__SOURCE DATA__:
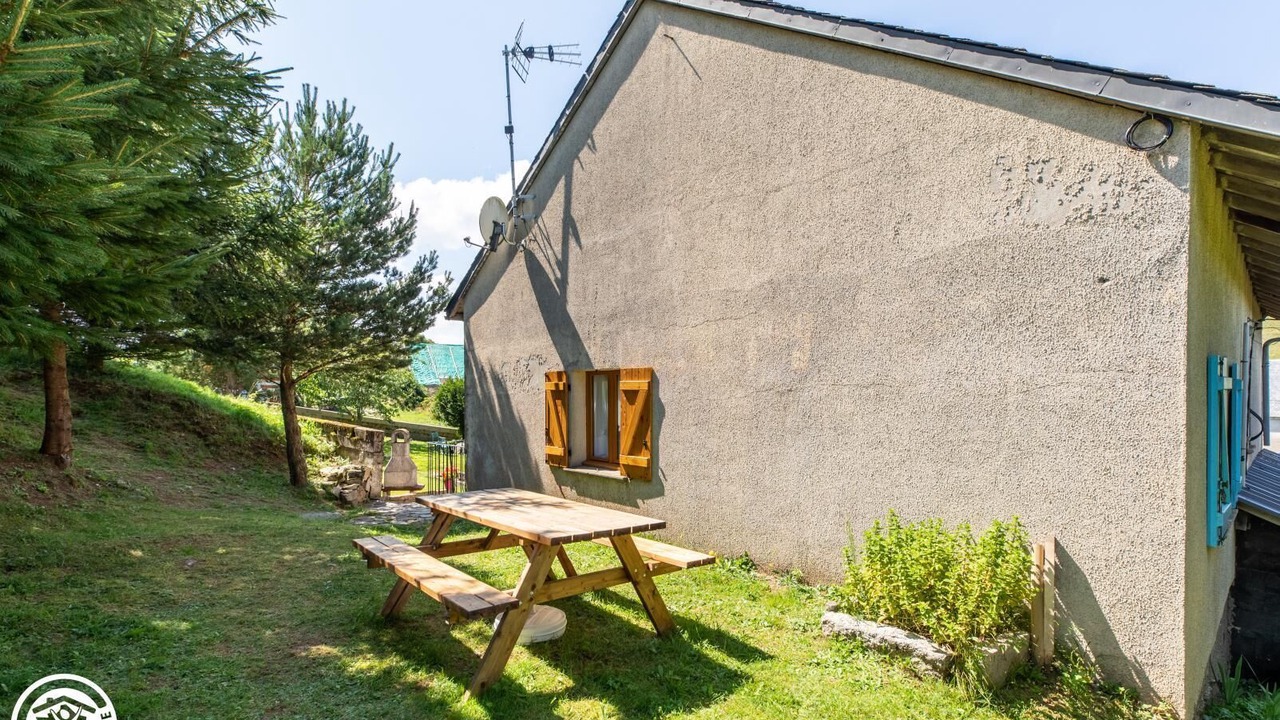 Photo of Outdoor in Saint-Alyre-es-Montagne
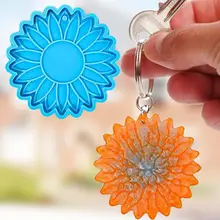 

Food Grade Useful Keychain Resin Silicone Mould Flexible Keychain Casting Mold Wide Application for DIY Pendant
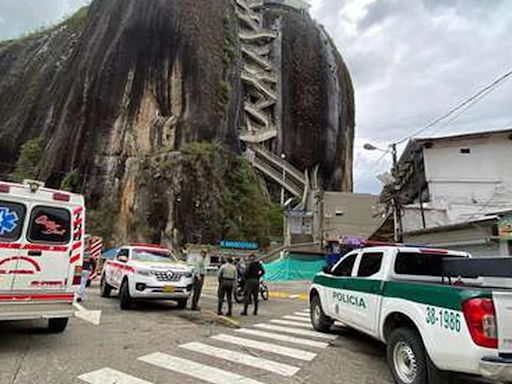 Tragedia en Antioquia: turista panameña murió mientras subía la Piedra del Peñol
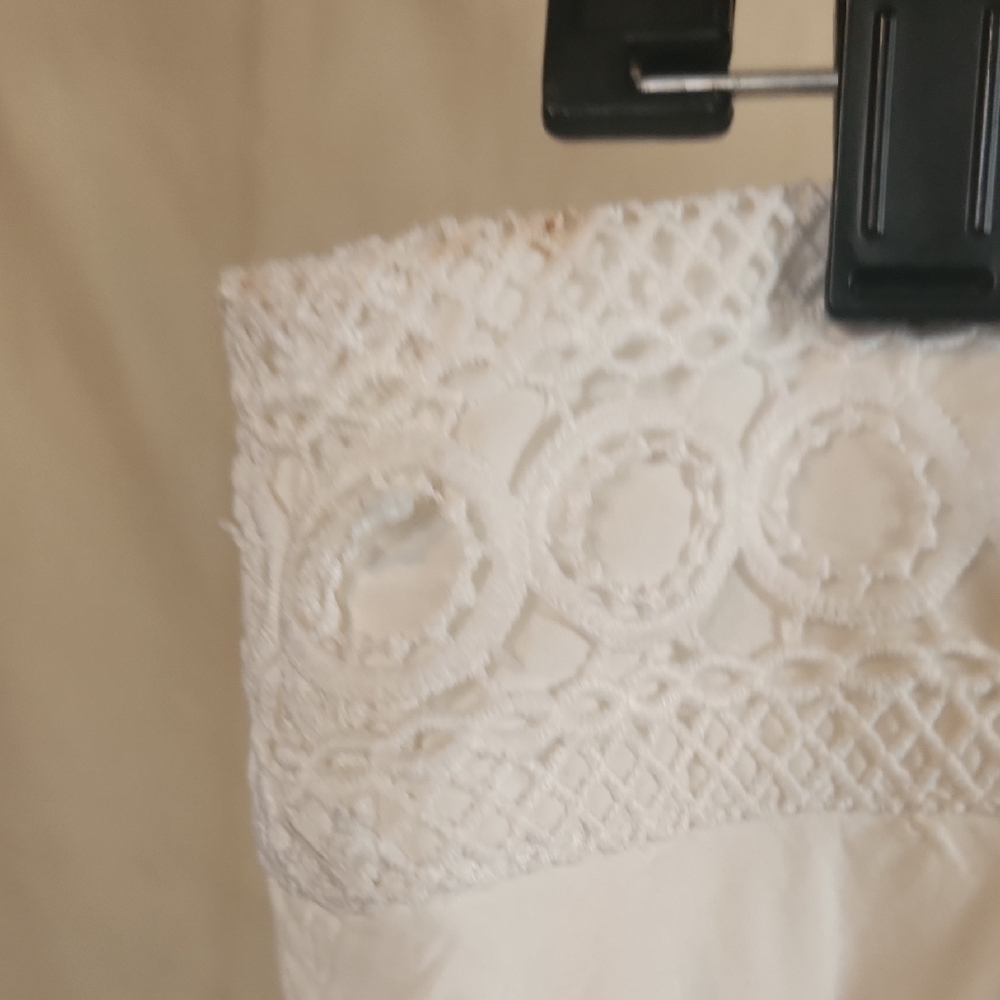 Point Sur Elegant White Lace Trim Skirt - Picture 6 of 6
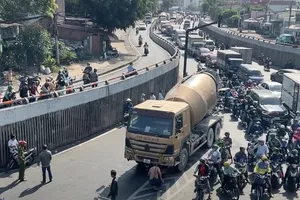 Công an tìm nhân chứng vụ tai nạn khiến 1 người tử vong tại ngã tư Linh Xuân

__THE PROBLEM__: When you find the line that contains "Point Sur Elegant", retype it and every line after it through the end of the data above, exactly, with no pictures.

__RESULT BELOW__:
 Point Sur Elegant White Lace Trim Skirt - Picture 6 of 6
 Công an tìm nhân chứng vụ tai nạn khiến 1 người tử vong tại ngã tư Linh Xuân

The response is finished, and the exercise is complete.